• What you need to do
Retyping should cover only the lines from the one containing "Lampada da soffitto" through the final line of the records, with pictures omitted.

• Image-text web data
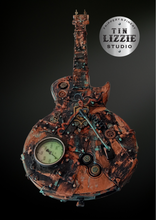 Load image into Gallery viewer, Tin Lizzie Studios Post Apocalyptic Steampunk Guitar
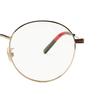 Gucci optical glasses [Available prescription] Gold frame, transparent lens, side webbing GG1054OK-002 51 F dust bag + glasses case (random color)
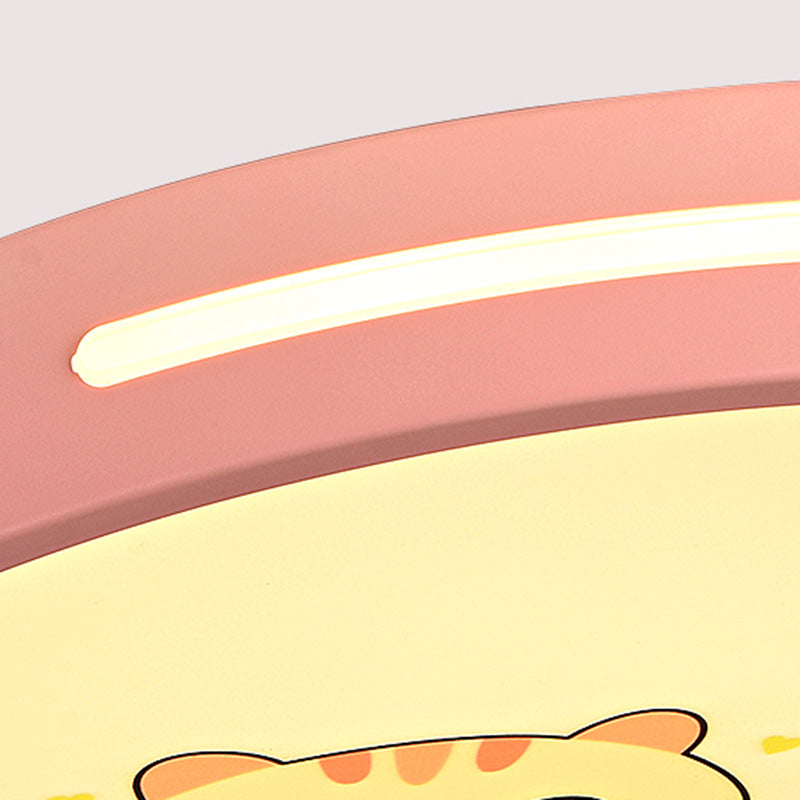 Lampada da soffitto moderna a LED Macaroon in ferro di forma rotonda con montaggio ad incasso per camera da letto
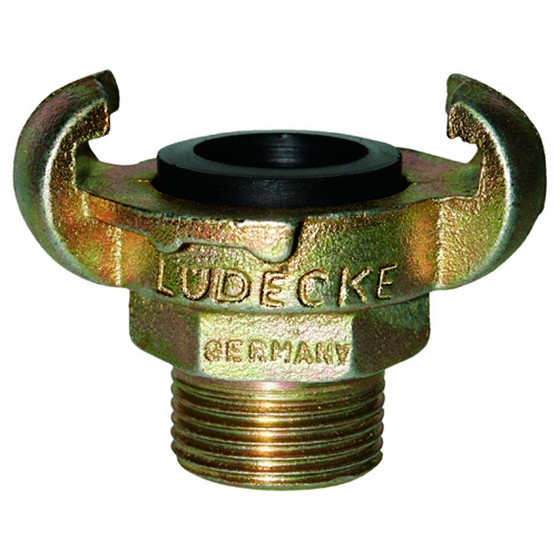 LÜDECKE Luchtkoppeling/Klauwkoppeling - 1/2” Filetage mâle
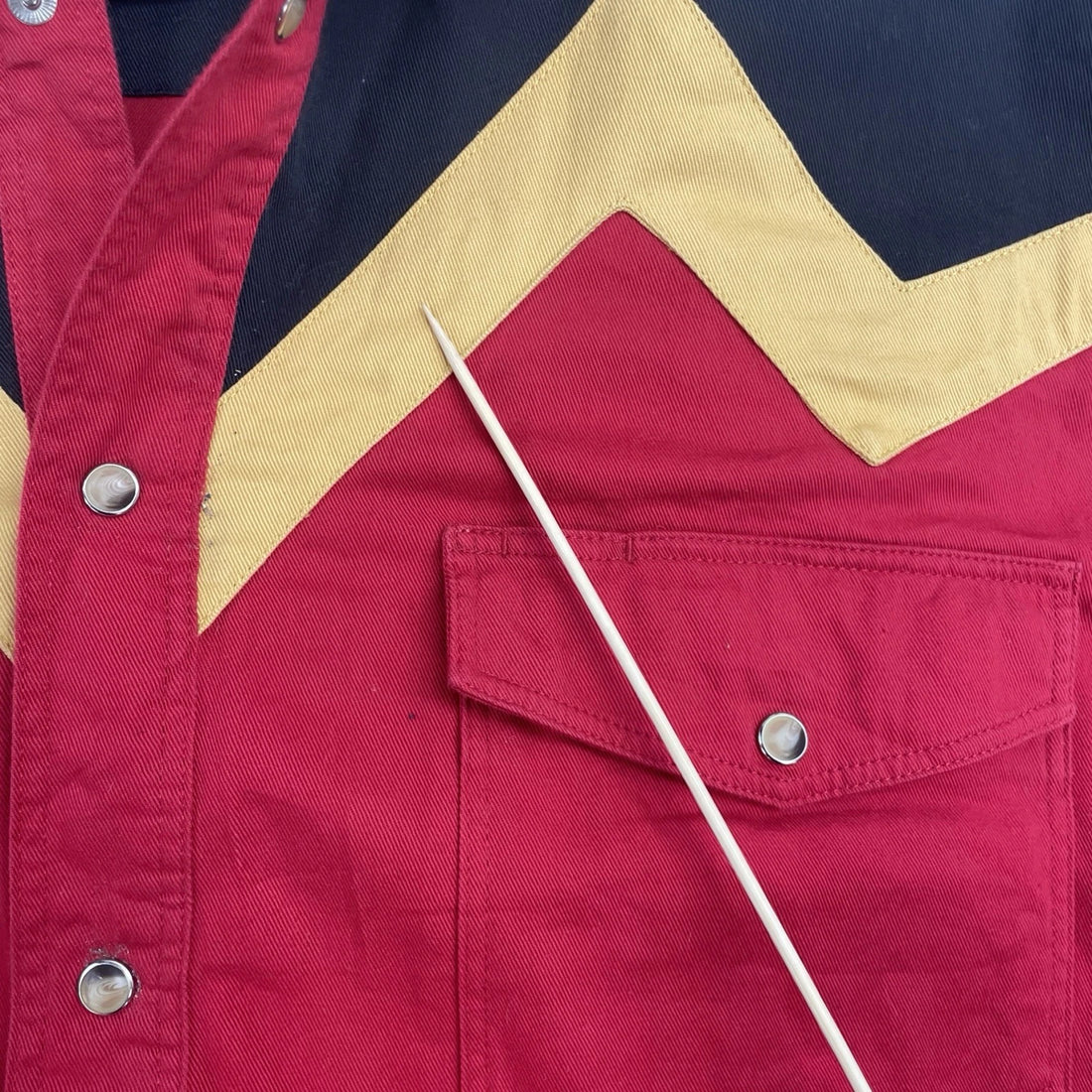 Vintage Wrangler Western Button Up Long Sleeve Shirt Size XL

• Response
 Lampada da soffitto moderna a LED Macaroon in ferro di forma rotonda con montaggio ad incasso per camera da letto
 LÜDECKE Luchtkoppeling/Klauwkoppeling - 1/2” Filetage mâle
 Vintage Wrangler Western Button Up Long Sleeve Shirt Size XL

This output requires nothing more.